Je persiste a croire que c’est possible qu’un meilleur algo en python soit plus efficace (temps cpu, mémoire et occupation du disque) et plus simple a maintenir que l’équivalent elasticsearch dans le cas de la recherche textuel. C’est plus facile de résoudre efficacement un problème identifie, que fournir un maximum d’outils pour d’être prêt a résoudre n’importe quelles problèmes (outil expert vs. outil generaliste…).

Je rebondis sur le paragraphe précédent, pour faire remarquer que “calculer la distance” c’est plus complexe que “calculer la distance inférieur a n”. Remarque: python-levenshtein est tellement rapide par rapport a CPython, cela ne vaut pas le cout de faire ca, avec CPython. Aussi, il faut remarquer que le typofix, sélectionne des mots proches donc la distance de levenshtein est jamais très grande donc en pratique c’est jamais le pire des cas, donc osef de l’algo a complexité moins grande dans le pire des cas.

benchmarks

typofix

on teste d’abord la typo correction

% python distance-benchmark.py c uvicron
0.14711737632751465
-2 icron
-2 micron
-2 ucron
-2 unicon
-2 uvicorn
-2 viron
-3 aicon
-3 aiocron
-3 apiron
-3 avion
% python distance-benchmark.py best uvicron
0.17464399337768555
86 uvicorn
83 icron
83 ucron
83 viron
77 micron
77 unicon
77 vicero
73 cron
73 icon
73 iron

C’est les resultats quand le code teste uvicron avec tous les noms de packages aka. le meilleur resultat possible sans recherche approximative.

test avec bbkh dans le mix:

% python sudopython-typofix.py best uvicron
0.027647018432617188
86 uvicorn
86 victron
0 m-validator
0 validator
0 validator.
0 pvalidator
0 ipvalidator
0 id-validator
0 card-validator
0 variation

On divise par 6 le temps de calcul mais avec un score de precision-rappel tres bas: 2 resultat vrai positif, 8 resultat faux positif, et aussi par rapport au benchmark, a mon sens il y au moins 5 faux-negatifs (icron, ucron, viron, micron, unicon).

On peux filtrer les faux positif avec un score = 0, mais surtout il y a pas assez de bon résultat. Je pense que c’est une régression par rapport a mon algo prototype.

search (aka. query)

maintenant on teste la recherche (encore naive au niveau calcul du score) et single core:

% python sudopython-query.py http web framework
0.21697688102722168
3.5 jasmine - jasmine is a behavior driven development testing framework for javascript. it does not rely on browsers, dom, or any javascript framework. thus it's suited for websites, node.js (http://nodejs.org) projects, or anywhere that javascript can run.
3.5 jasmine-core - jasmine is a behavior driven development testing framework for javascript. it does not rely on browsers, dom, or any javascript framework. thus it's suited for websites, node.js (http://nodejs.org) projects, or anywhere that javascript can run.
3 dyndns - a simple dynamic dns update http based api using python and the flask web framework.
3 limetree - async http/2 web framework
2.5 interest - interest is a event-driven web framework on top of aiohttp/asyncio.
2.5 koa - koa.js web framework port for asyncio + aiohttp
2.5 mead - flexible aiohttp web framework
2.5 mrhttp - a python web framework written in c
2.5 navigator-api - navigator web framework based on aiohttp, with batteries included.

Les resultats sont bof vis-a-vis de ce qui est populaire dans la communaute (aka. les etoiles github) mais pertinent du point de vu textuel, meme avec peu d’effort dans la prise en charge du sens des mots ie. a gauche dans le continum semantique.

% python sudopython-query.py uvicorn
0.15401053428649902
1 gunicorn-json-logger - json log configuration for gunicorn+uvicorn

Il y a clairement un bug uvicorn devrait etre dans les resultats.
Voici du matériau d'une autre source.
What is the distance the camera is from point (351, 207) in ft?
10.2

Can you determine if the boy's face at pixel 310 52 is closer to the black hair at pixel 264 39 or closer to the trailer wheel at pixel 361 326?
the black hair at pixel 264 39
Le pire des cas, c’est le radical le plus courant:

% python sudopython-query.py python
0.5274147987365723
5 python-etl - python-etl is an open-source extract, transform, load (etl) library written in python. it allows data to be read from a variety of formats and sources, where it can be cleaned, merged, and transformed using any python library and then finally saved into all formats python-etl supports. ported from cardsharp by chris bergstresser.
4 pywapa-3k - python whatever parser is a python markup converter from xml, json, yaml and ini to python dictionary. it allows also conversion between markup languages. python 3 compatible version.
4 justredis - a redis client for python supporting many redis features and python synchronous (python 3.5+) and asynchronous (python 3.6+) communication.
3 cloudxns-api-sdk-python - cloudxns-api-sdk-python: cloudxns api python software development kit.
3 create-python-project - create-python-project is a cli application to facilitate python project management
3 dawg-python - pure-python reader for dawgs (dafsas) created by dawgdic c++ library or dawg python extension.
3 jianfan - a python library for translation between traditional and simplified chinese. support python2 and python3.
3 khayyam3 - khayyam3(jalali persian datetime) library. this is fork of the original khayyam library which supports both python 2.6 above and python 3. the original khayyam library is available at: https://pypi.python.org/pypi/khayyam
3 pywapa - python whatever parser is a python markup converter from xml, json, yaml and ini to python dictionary. it allows also conversion between markup languages.
3 python-deprecated - python @deprecated decorator to deprecate old python classes, functions or methods.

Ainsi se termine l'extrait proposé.